Mali pede ao Conselho de Segurança "retirada imediata" da missão de paz da ONU
O Governo do Mali pediu hoje ao Conselho de Segurança das Nações Unidas (ONU) a retirada "imediata" da missão de paz no país (Minusma), num momento em que faltam duas semanas para a votação da renovação do seu mandato.
O ministro das Relações Exteriores do Mali, Abdoulaye Diop, falou perante o Conselho de Segurança e avaliou que a Minusma "se tornou parte do problema" do país e que tem despertado "grande desconfiança" entre a população e o Governo.
"O Governo do Mali exige a retirada imediata de Minusma. No entanto, o Governo está disposto a cooperar com as Nações Unidas nessa perspetiva", disse Diop, rejeitando todas as opções para a evolução do mandato da missão propostas pelo secretário-geral da ONU, António Guterres.
De acordo com o ministro, a situação no país em 2023 é pior do que há dez anos -- quando a Minusma foi implementada - o que demonstra o "fracasso" da missão.
A reunião de hoje do Conselho de Segurança decorreu num momento de negociações sobre a renovação do mandato da Minusma, que termina em 30 de junho.
A missão tem enfrentado grandes desafios, sendo que, desde o ano passado, vários países contribuintes com tropas retiraram-se ou anunciaram os seus planos de deixar a missão.
Além disso, o país está imerso numa campanha política para aprovar no próximo domingo, em referendo, uma nova Constituição que dê legitimidade ao Governo militar, que chegou ao poder após um duplo golpe de Estado em 2020 e 2021 e que prometeu entregar o poder aos civis em março de 2024.
A Minusma não só é a missão mais perigosa da ONU - acumula 192 mortes em ataques terroristas nesta década -, como enfrenta ainda repetidas restrições das autoridades do Mali à sua liberdade de movimento e à sua capacidade de informar sobre direitos humanos.
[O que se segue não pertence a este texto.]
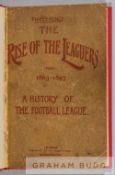 Bound copy of the Victorian football book "The Rise Of The Leaguers" by "Tityrus", sub-titled "A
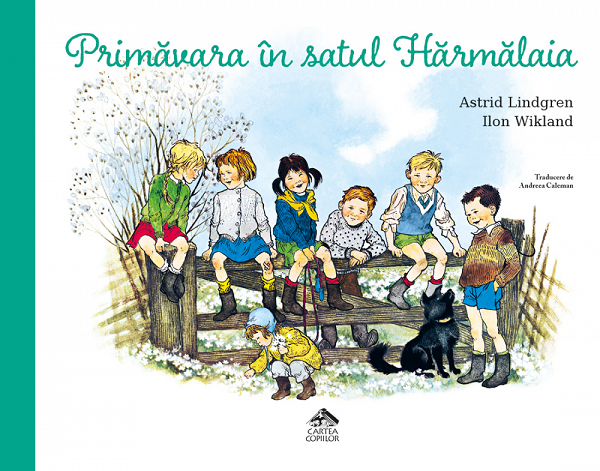Primavara in satul Harmalaia - Astrid Lindgren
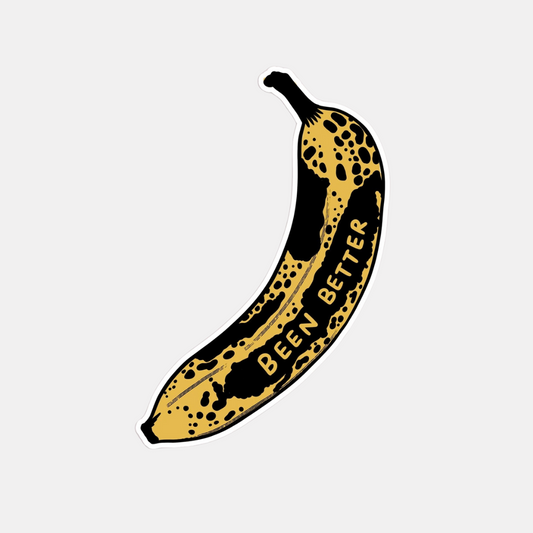 Been Better Banana Sticker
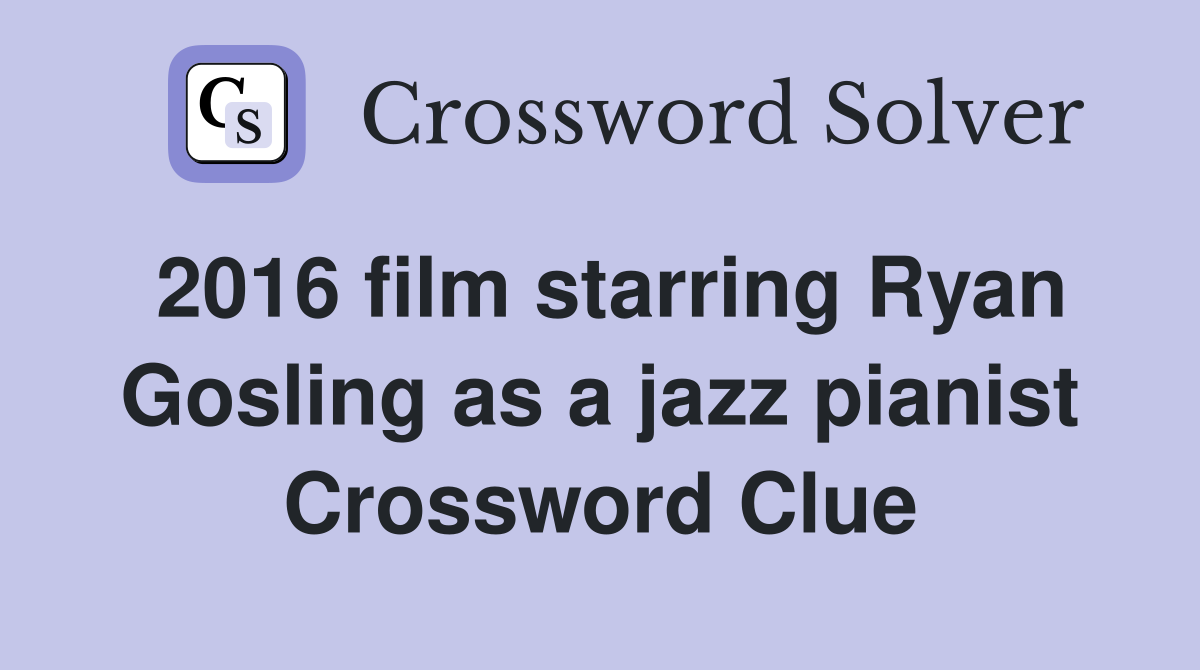 2016 film starring Ryan Gosling as a jazz pianist Crossword Clue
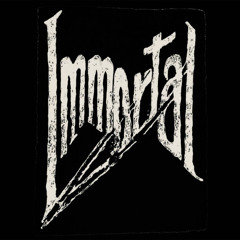 IMMORTAL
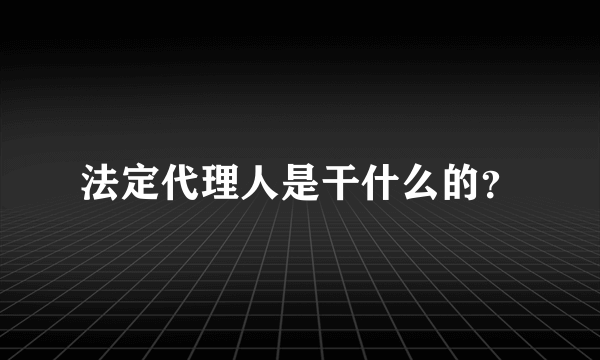 法定代理人是干什么的？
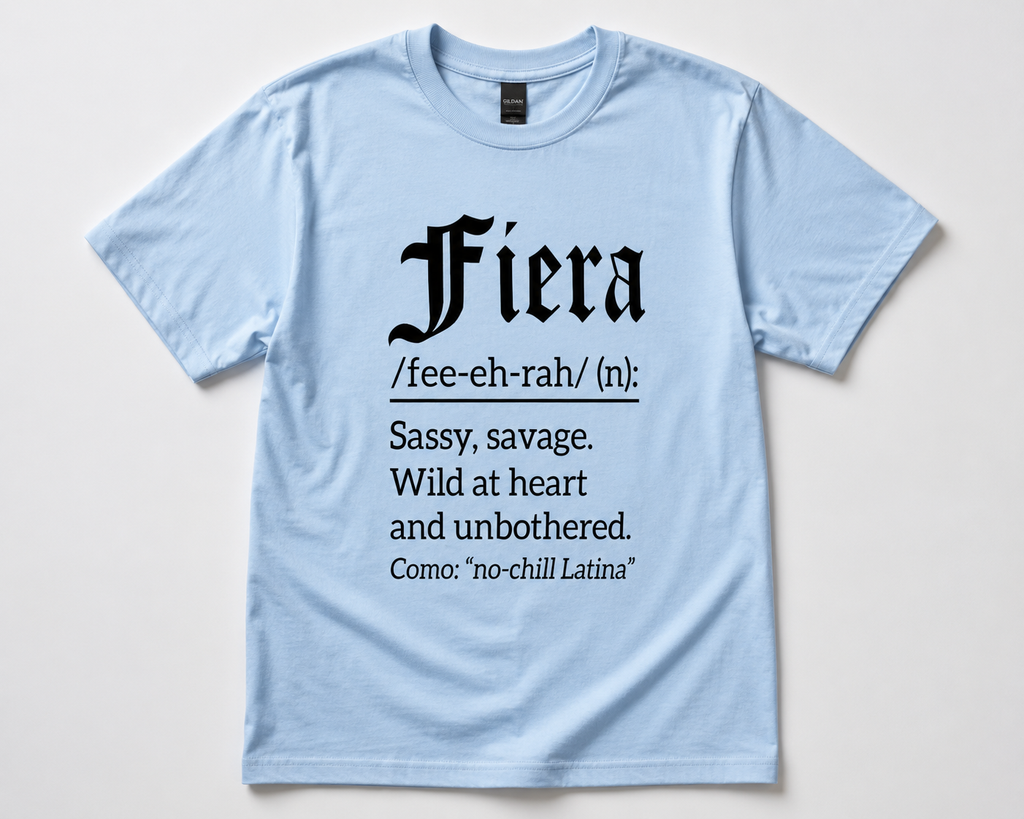 Fiera Definition Tee | Funny Latina & Boricua Graphic Shirt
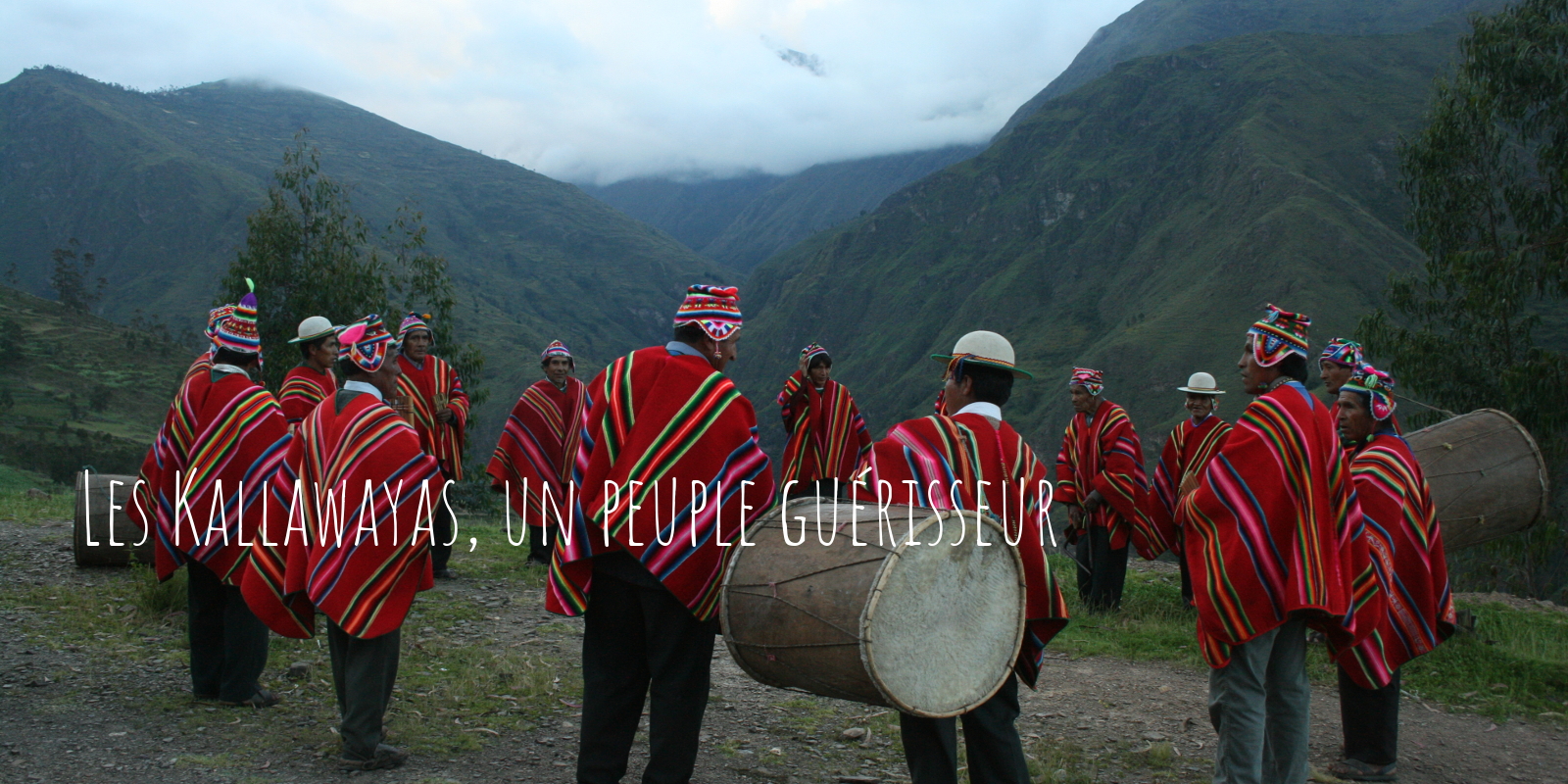 Les Kallawayas, un peuple guérisseur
Nesse sentido, os Estados Unidos da América (EUA) criticaram hoje o "comportamento obstrucionista" do Governo de transição do Mali, a quem acusam de negar 170 pedidos de autorização de voo da Minusma.
Na reunião dedicada especificamente à Minusma, o diplomata norte-americano Jeffrey DeLaurentis disse estar especialmente frustrado com as restrições contínuas do Mali contra a liberdade de movimento e acesso da Minusma, apontando ainda que o Governo de transição também negou quatro dos cinco pedidos da missão para investigar no terreno denúncias de violações e abusos de direitos humanos.
"Apesar dessas restrições -- que violam o Acordo de Estatuto das Forças do Mali -- elogiamos a Minusma por conduzir dezenas de outras investigações usando ferramentas forenses remotas amplamente aceitas", afirmou, referindo-se aos relatórios sobr abusos e violações de direitos humanos cometidos pela Forças Armadas do Mali (Fama) e pelo Grupo Wagner em março passado em Moura.
"A capacidade da ONU de esclarecer abusos e violações, apesar de tal obstrucionismo, reforça a importância do mandato da Minusma de promover e proteger os direitos humanos no Mali", defendeu DeLaurentis.
Por outro lado, Abdoulaye Diop lembrou que a Minusma foi destacada para o país para apoiar as autoridades malianas na estabilização do país e garantir a paz e segurança, bem como impedir o regresso de grupos armados, mas a luta contra o terrorismo é principalmente responsabilidade do Governo e não da missão da ONU.
De acordo com o ministro, também o trabalho da missão na monitorização dos direitos humanos sofre de instrumentalização e politização.
Em 25 de maio, milhares de pessoas manifestaram-se na capital do Mali, Bamako, para exigir a retirada da Minusma do país africano, a qual qualificaram como uma "força de ocupação", intensificando o clima cada vez mais hostil para a missão.
Em 30 de junho deve ser votada a renovação do mandato do Minusma, mas parece improvável que seja renovado, especialmente quando os embaixadores da Rússia e da China enfatizaram hoje no Conselho a necessidade de ter em conta a opinião e as prioridades do Governo do Mali, assim como a sua vontade de redefinir a sua relação com a missão.
Sobre a presença de mercenários russos do grupo Wagner - que os Governos ocidentais consideram um instrumento do Kremlin -, Diop defendeu que o Mali "continua disposto a cooperar com outros parceiros que respeitem" a sua "soberania, opções estratégicas e interesses vitais", sem referir diretamente o nome do grupo.
As Nações Unidas confirmaram hoje que 1.002 civis foram mortos e outros 445 feridos pela violência registada no último ano no Mali.
Além disso, a violência no Mali deixou, na última contagem em abril deste ano, um total de 375.539 deslocados internos, menos 8,9% do que o número de 412.387 registado em dezembro de 2022.